Most people, when judging the social relevance of it, consider Ray Bradbury's Fahrenheit 451 to be about the evils of censorship. At least that's what I was taught in high school, and it's what's on the cover of the book.

Well, I didn't read the book in high school. (I mean, I said I did, but I doubt I scored well on the quiz.) I've recently discovered audiobooks and decided one day to listen to it on tape. Unfortunately it wasn't read by Frank Muller but hey, I thought, it's supposed to be a classic. So I checked it out of the Allen County Public Library.

So I'm mowing the lawn, listening to the Bradbury classic and when Montag asked Beatty, "Yes, but what about the firemen then?" Beatty's response made me stop the lawn tractor right there and run the tape back to listen to it again. I had to be sure. Did he just describe outcome-based education?

You be the judge. Read the following two quotes. The first being a fairly simply worded generic explanation from an OBE supporter the second being the quote I just referred to. I'll join you when you're done to chat some more.

Outcome-based education (OBE) is a theory which claims that education is more relevant when students are graded on what they know and how they demonstrate it, with less emphasis on standardization and memorization. OBE instruction allows students to work at different paces, as long as they strive to perform a set of predetermined outcomes.

From http://edweb.gsn.org/edref.sys.lrn4.html

I'm still here. Go on, read the other one.
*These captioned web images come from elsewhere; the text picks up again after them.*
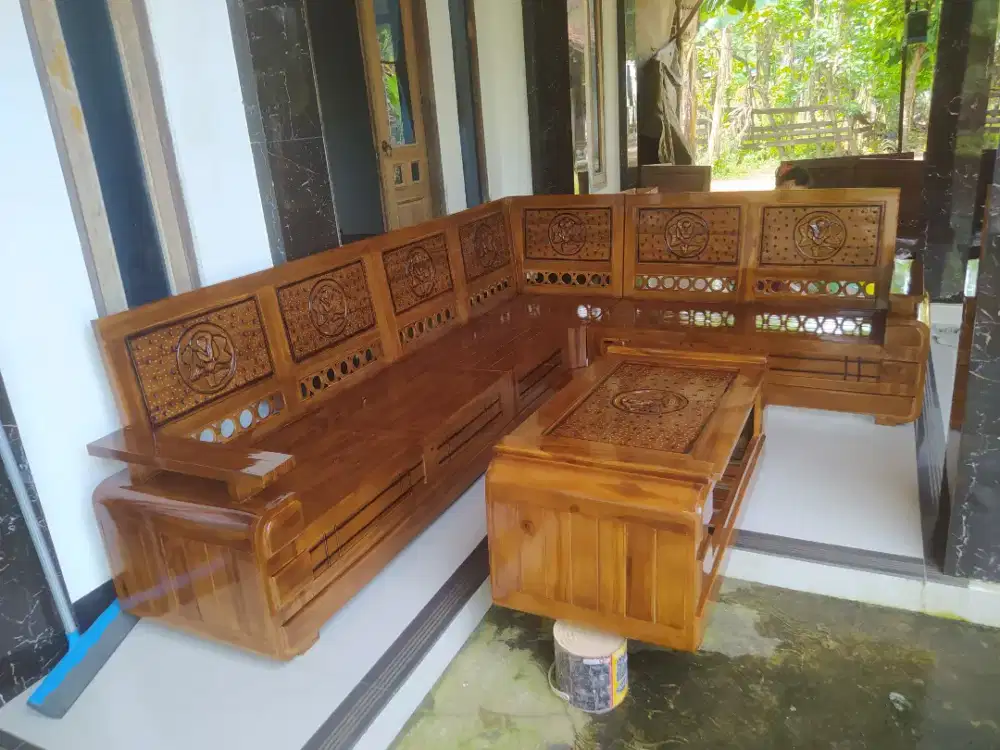 Kursi tamu sudut minimalis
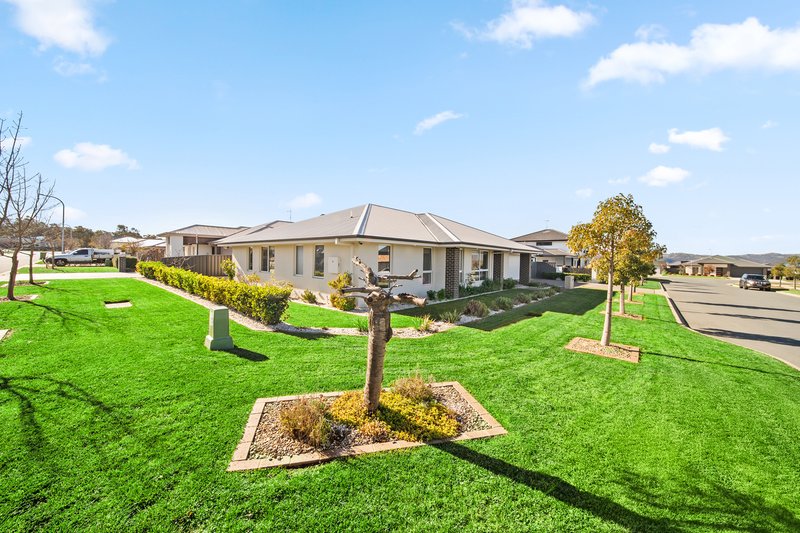 Photo - 4 Ware Street, Googong NSW 2620 - Image 35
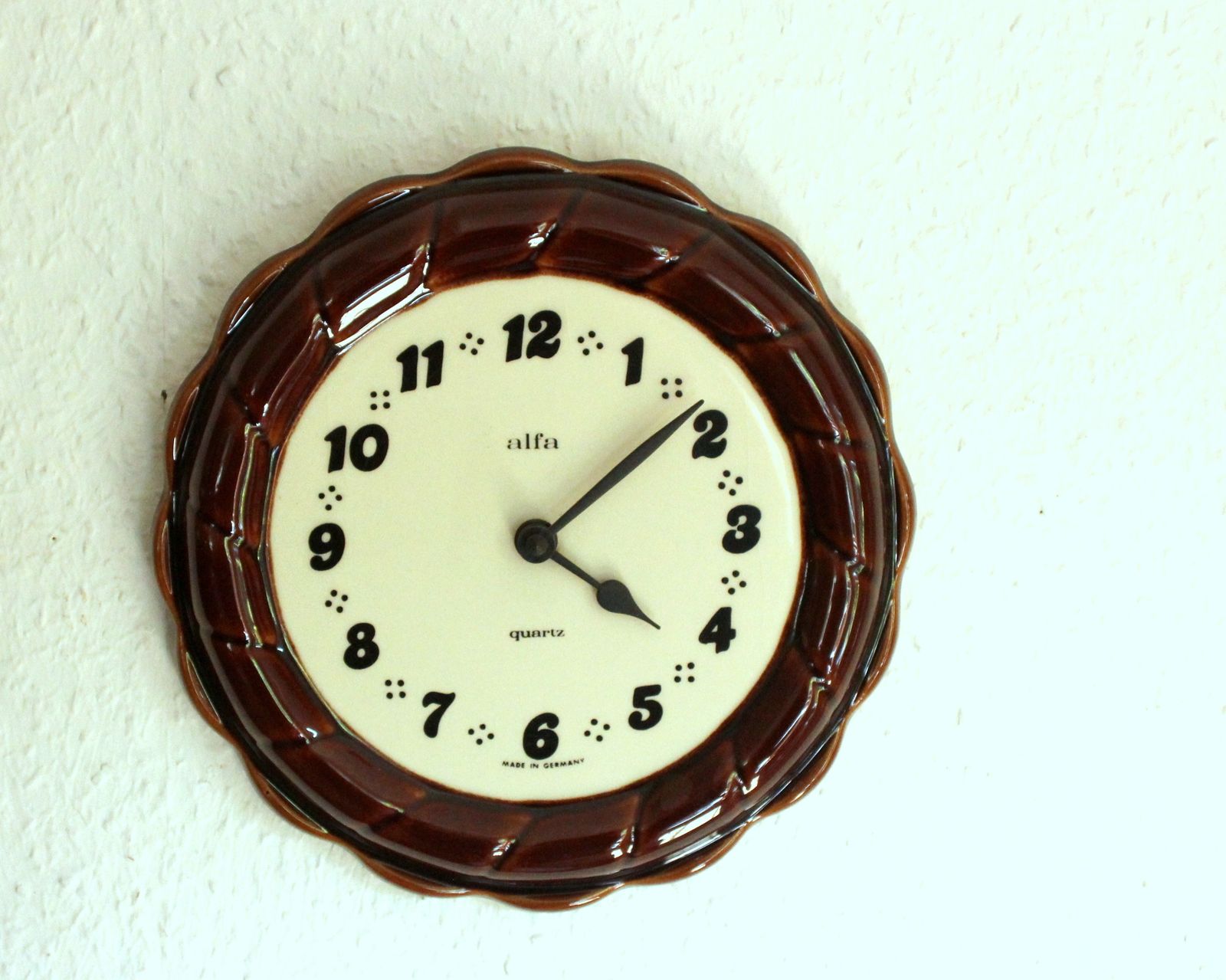 Ceramic Kitchen Clock In The Shape Of A Baking Dish   Vintage photo furniture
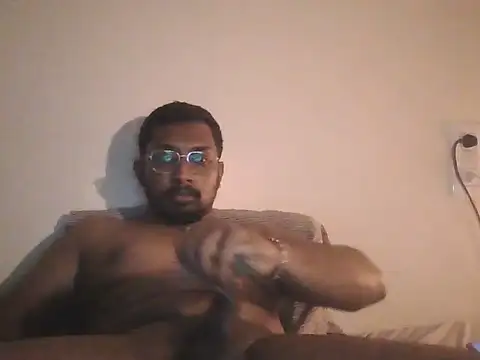 Snapshot of chennaibull101 chatting on 03.10.26 chennaibull101 online show from 03.10.26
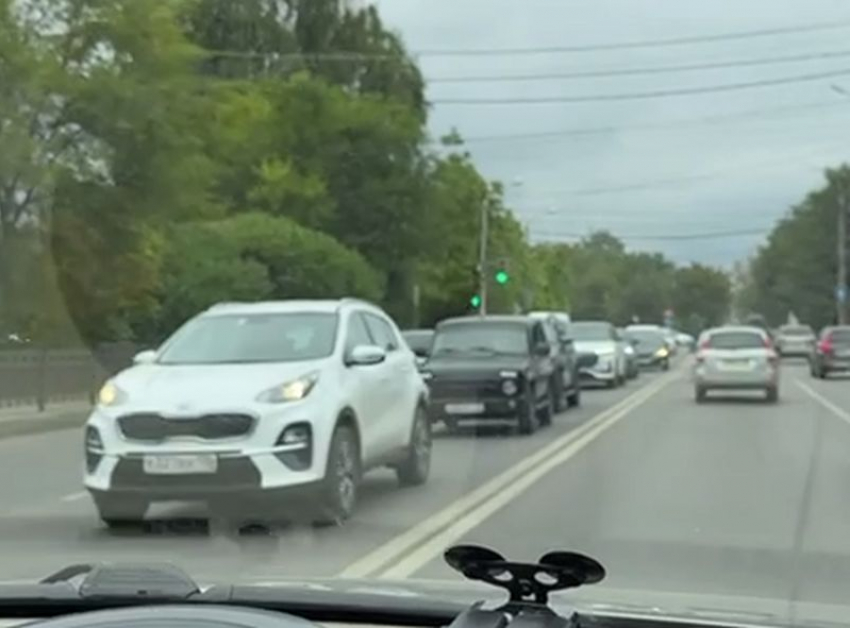 Авария автобуса и «Нивы» парализовала движение в воронежской Березовой роще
With school turning out more runners, jumpers, racers, tinkerers, grabbers, snatchers, fliers,and swimmers instead of examiners, critics, knowers, and imaginative creators, the word "intellectual," of course, became the swear word it deserved to be. You always dread the unfamiliar. Surely you remember the boy in your own school class who was exceptionally "bright," did most of the reciting and answering while the other sat like so many wooden idols, hating him. And wasn't it this bright boy you selected for beatings and tortures after hours? Of course it was. We must all be alike. Not everyone born free and equal, as the Constitution says, but everyone made equal. Each man the image of every other; then all are happy, for there are no moutains to make them cower, to judge themselves against. So! A book is a loaded gun in the house next door. Burn it. Take the shot from the weapon. Breach man's mind. Who knows who might be the target of the well-read man?

From Farenheit 451 by Rad Bradbury

Shocking, isn't it? "We must all be alike. Not everyone born free and equal, as the Constitution says, but everyone made equal." Hmmm. Ring a bell? "As long as they strive to perform a set of predetermined outcomes."

The major basis for the Firemen to burn books in 451 was so that all could be "happy." No one smarter than one another, no books that offend anyone. This is the seed for liberalism in general, not just in education. This novel isn't about right-wing radical conservatives censoring books that offend them, this book is about dumbing down everyone to the same level, so no one is ever offended!

To call out differences in people's intellect, gender, or race would be unfair. Let's burn the books that educate! Let's burn the books that offend! Let's burn the books that are politically incorrect.

Liberals (like those who taught in my high school) have been beating America over the head with Fahrenheit 451 as the Apocalypse of Censorship. It's not. Censors would never ban everything. What's the point of excluding books from a library that is empty? If I reject bad apples, I get good apples and I stay healthy. If I reject all apples, I starve. It makes no sense that a story about burning all books would be about censorship.

What makes more sense is that the story is about leveling the performance standards in schools and not encouraging gifted students to exceed. Or that it's about mainstreaming kids who can't keep up and slow the whole class down to save them from the stigma of "special education" and all the unhappiness that it surely causes.

You think censorship is bad? Try OBE.